Note, when using CA Provisioning, the "certificate authority - CA" also have to be imported on the Connector Server. For self-signed certificate CA and the certificate (public key) is the same.
PFX / PKCS#12 bundle can be used instead of key/cert/ca e.g:
"pfx": {
"bundle": "certbundle.pfx",
"password": "password"
}
Note, we should normally use certificate (https) for communcating with ScimGateway unless we install ScimGatway locally on the manager (e.g. on the CA Connector Server). When installed on the manager, we could use http://localhost:port or http://127.0.0.1:port which will not be passed down to the data link layer for transmission. We could then also set {"localhostonly": true}
emailOnError - Contains configuration for sending error notifications by email. Note, only the first error will be sent until sendInterval have passed
emailOnError.smtp.enabled - true or false, value set to true will enable email notifications
emailOnError.smtp.host - Mailserver e.g. "smtp.office365.com"

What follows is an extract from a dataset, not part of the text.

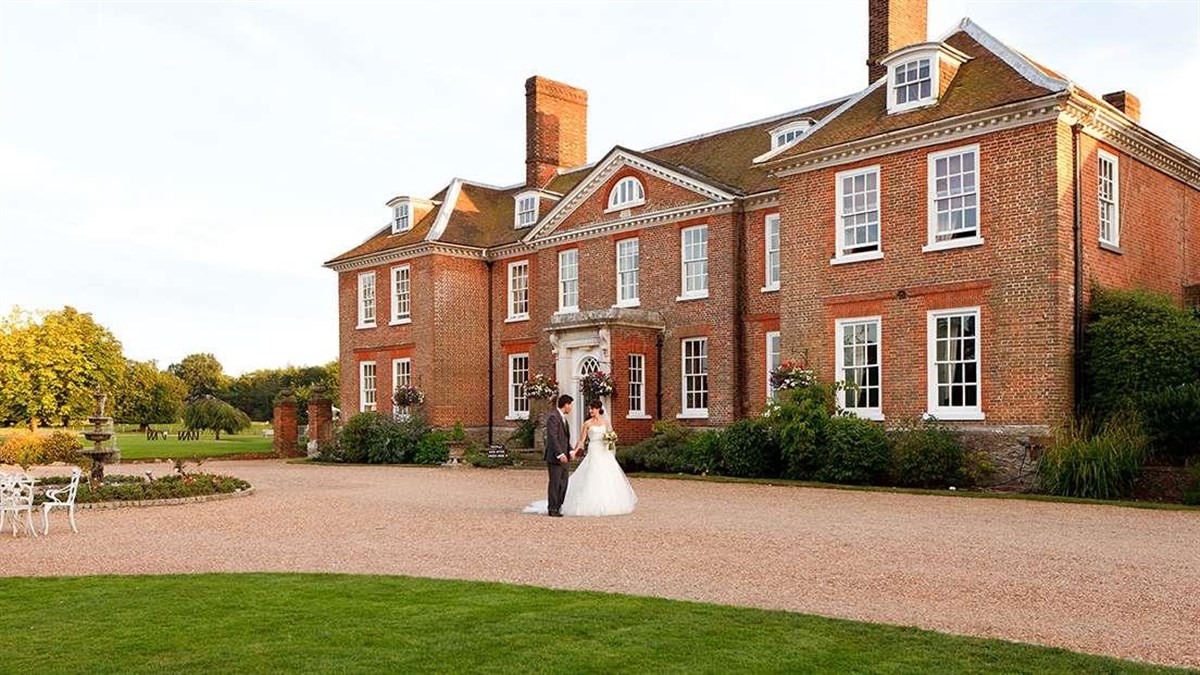 Bride and Groom in front of Chilston Park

emailOnError.smtp.port - Port used by mailserver e.g. 587, 25 or 465
emailOnError.smtp.proxy - If using mailproxy e.g. "http://proxy-host:1234"

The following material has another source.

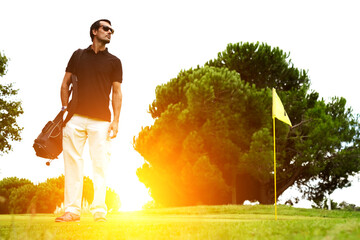 Full length portrait of stylish golfer in glasses standing on golf course with amazing flare sunset...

emailOnError.smtp.authenticate - true or false, set to true will use username/password authentication
emailOnError.smtp.username - Mail account for authentication and also the sender of the email, e.g. "user@outlook.com"
emailOnError.smtp.password - Mail account password
emailOnError.smtp.sendInterval - Mail notifications on error are deferred until sendInterval minutes have passed since the last notification. Default 15 minutes
emailOnError.smtp.to - Comma separated list of recipients email addresses e.g: "someone@example.com"
emailOnError.smtp.cc - Comma separated list of cc email addresses
endpoint - Contains endpoint specific configuration according to our plugin code.
(**) Both port number and password encryption seed may be overridden by setting environment variables before starting the gateway. Setting environment variable SEED will override default password seed. Setting the ScimGateway port in the configuration file to "process.env.XXX" where XXX is the environment variable let gateway use environment variable for port configuration. This could be useful in cloud systems e.g:
"scimgateway": {
...
"port": "process.env.PORT",
...
}
Gateway can now be started from a command window running in administrative mode
3 ways to start:
node c:\my-scimgateway
node c:\my-scimgateway\index.js
<package-root>node .
Ctrl+c to stop
Start Windows Task Scheduler (taskschd.msc), right click on "Task Scheduler Library" and choose "Create Task"
General tab:
-----------
Name = ScimGateway
User account = SYSTEM
Run with highest privileges
Triggers tab:
-------------
Begin the task = At startup
Actions tab:
------------
Action = Start a program
Program/script = c:\Program Files\nodejs\node.exe
Arguments = c:\my-scimgateway
Settings - tab:
---------------
Stop the task if runs longer than = Disabled (greyed out)
Verification:
<pakage-root>\logsOn Linux systems we may also run ScimGateway as a Docker image (using docker-compose)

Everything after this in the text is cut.